What you write must be the listing below in full, word for word, minus its pictures.

══ Information provided ══

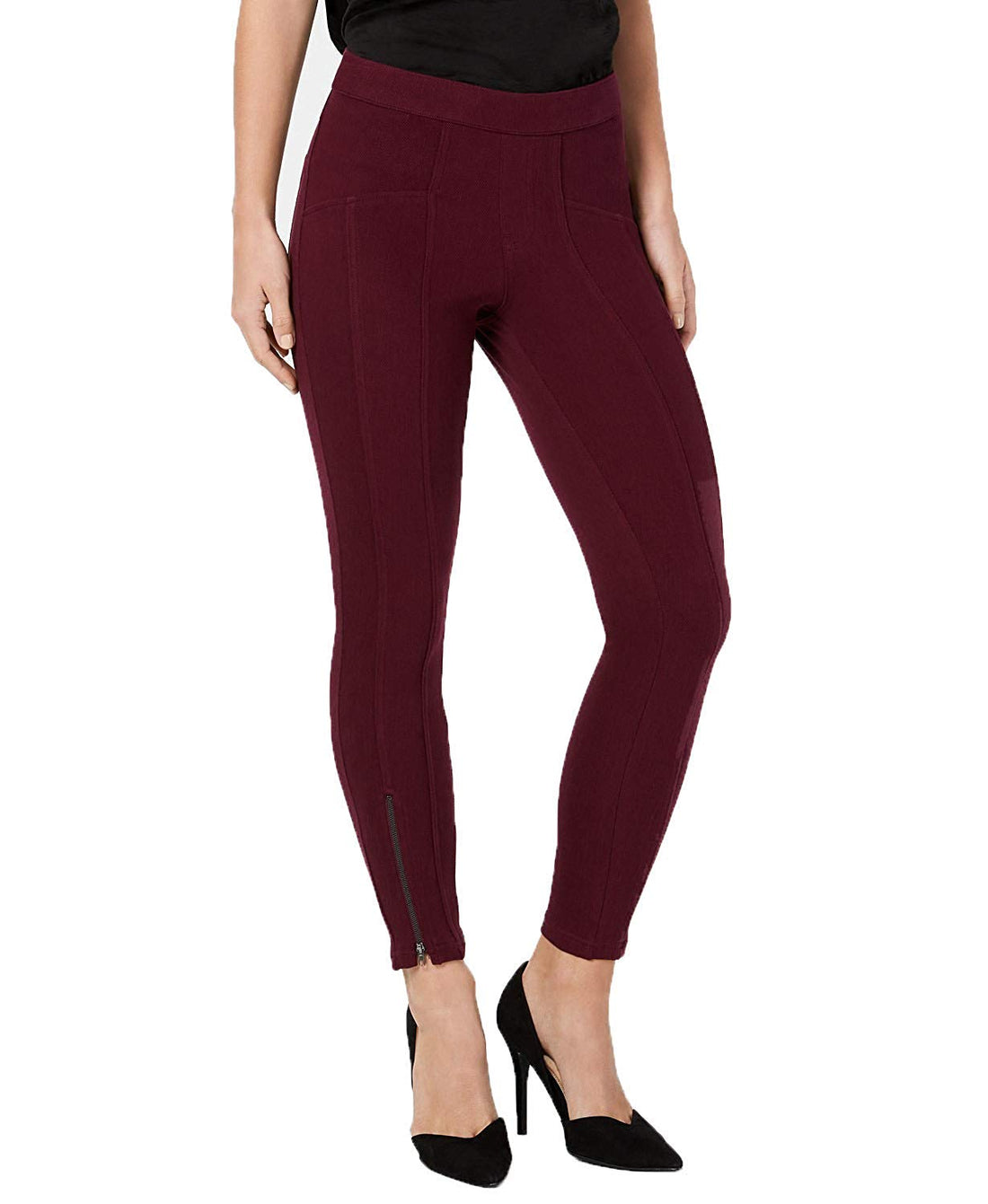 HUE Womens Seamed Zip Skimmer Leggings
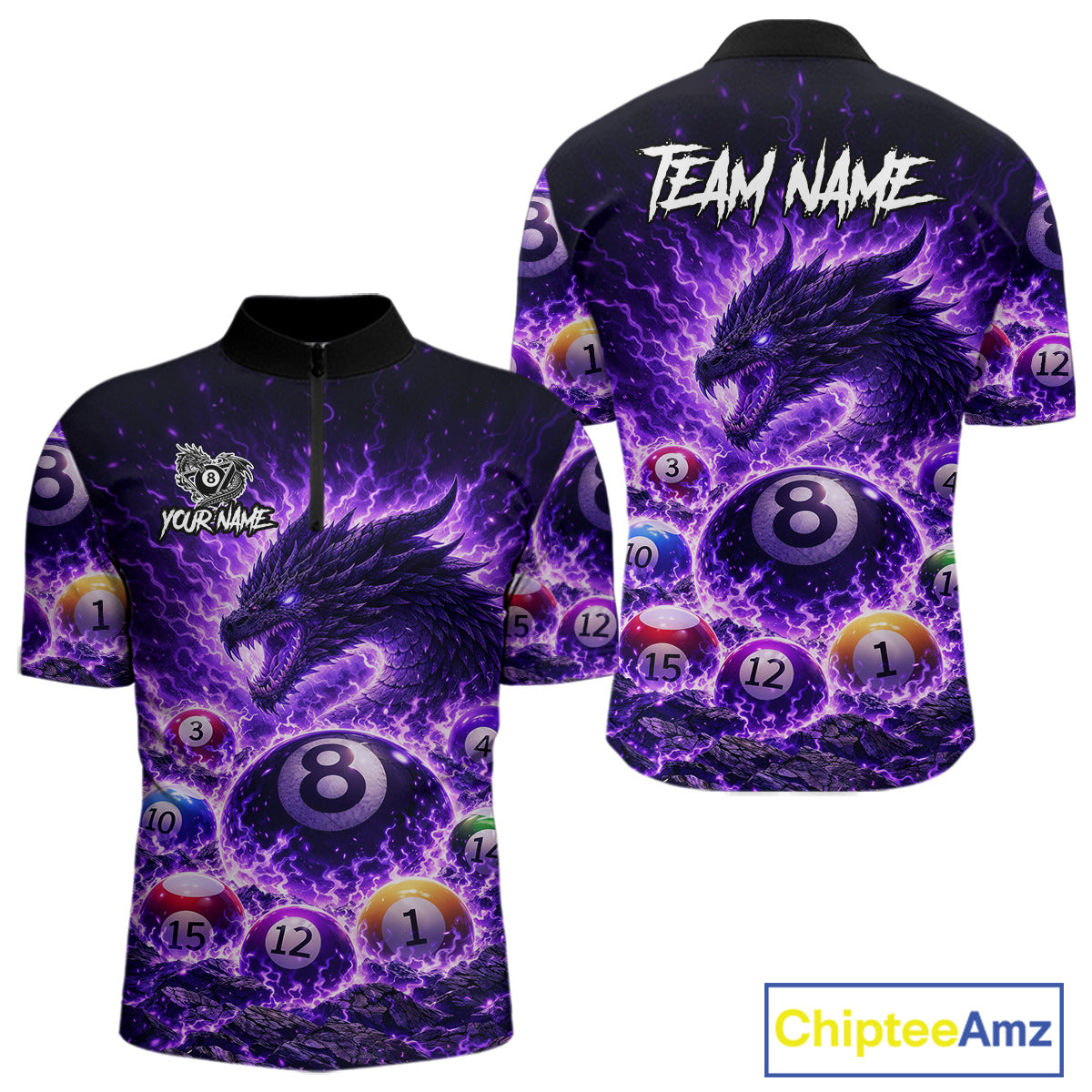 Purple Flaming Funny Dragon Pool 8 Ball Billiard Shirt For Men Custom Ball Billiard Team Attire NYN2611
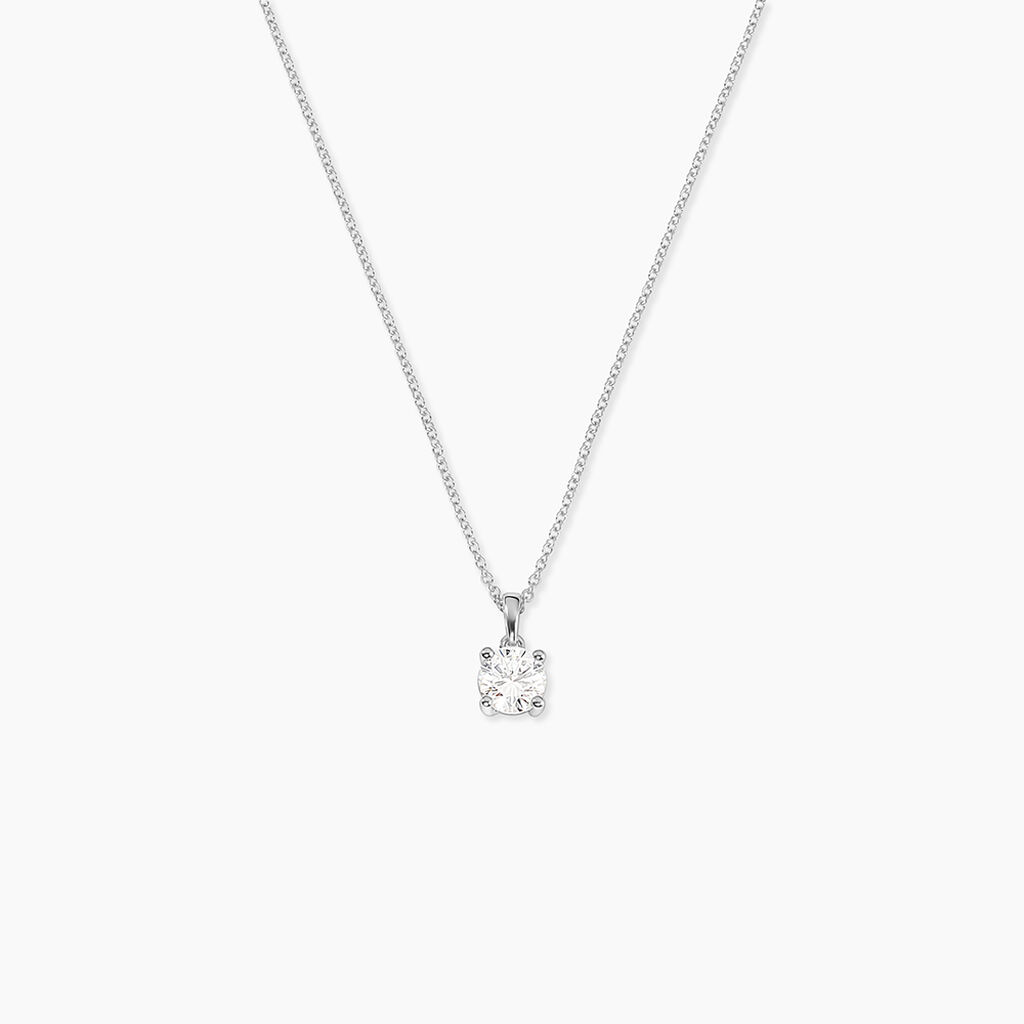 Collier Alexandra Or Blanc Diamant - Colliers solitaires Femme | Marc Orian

═══

- Expected answer -
 HUE Womens Seamed Zip Skimmer Leggings
 Purple Flaming Funny Dragon Pool 8 Ball Billiard Shirt For Men Custom Ball Billiard Team Attire NYN2611
 Collier Alexandra Or Blanc Diamant - Colliers solitaires Femme | Marc Orian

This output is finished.